Viewing Democrats as a party now captured by the same special interests that have dictated the direction of the Republican Party over the last several decades, millennials have increasingly been drawn to the “Bernie Sanders or Bust” movement, an approach that eschews “lesser of two evils” voting in favor of a principled stand against the political establishment.
And heading into a general election battle in which the two candidates of America’s dominant political parties are both widely disliked, the decision to abandon both Democrats and Republicans can hardly be dismissed as unreasonable.
Democrats, Pales argues, should be extremely concerned by the fact that millennials have, by and large, rejected the candidate pushed by the establishment from the beginning.
“The Democratic Party missed the opportunity to win a generation of voters, which is a shame considering the profound effect that Sen. Sanders has had in shaping the opinions of young Americans.”
Pales points to the more progressive attitudes of young voters, who often strongly support measures Bernie Sanders has fought for throughout his political career, from free public college tuition to single-payer health care.
Some data indicates, also, that millennials don’t harbor the same skepticism toward socialism as previous generations — and they don’t harbor the same love for capitalism.
In a survey conducted by Harvard University, a majority of those who responded said they “do not support capitalism,” the Washington Post reports.

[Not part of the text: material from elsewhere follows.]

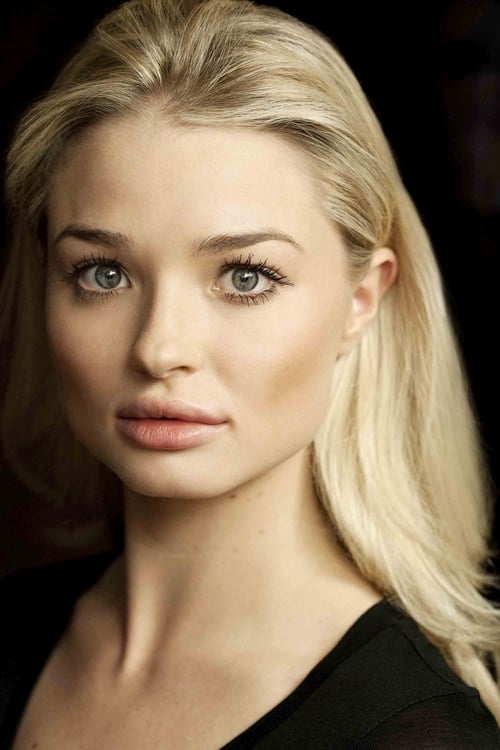 Dearbhla Molloy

This could be due, at least in part, to the fact that millennials face increasingly grim economic prospects. They are saddled with student loan debt, their incomes are growing slowly, and their opportunities are dwindling, despite the fact that they are highly educated.
Jordan Weissmann, writing for Slate, observes that millennials have come of age at a pretty terrible time, economically speaking.
“The millennials landed on the job market at a miserable moment in economic history. On the upside, that should give us something to lord over our children when we’re middle-aged and cranky. On the downside, our poor timing will probably depress our incomes for some time to come, since graduating into a recession can drag down your earnings for years.”
And contrary to the narrative pushed by many supporters of Hillary Clinton, Bernie Sanders’s support among the young is not limited to white males.
According to a poll conducted by the Black Youth Project at the University Chicago and the AP-NORC Center for Public Affairs Research, both black and Hispanic millennials favored Sanders by significant margins.
The Democratic establishment, by both embracing Hillary Clinton and at times brazenly rejecting Bernie Sanders, has so alienated the millennial generation that it will be difficult to win their support in the future.
“Yes,” Pales concludes, “Hillary Clinton may have won older and more devoted Democrats, but the Democratic Party lost the opportunity to secure an entire generation as a result.”
If Democrats haven’t gotten the message yet — a message that says their ties to corporate America and their tepid reforms are no longer enough to address the nation’s economic crises — perhaps they never will.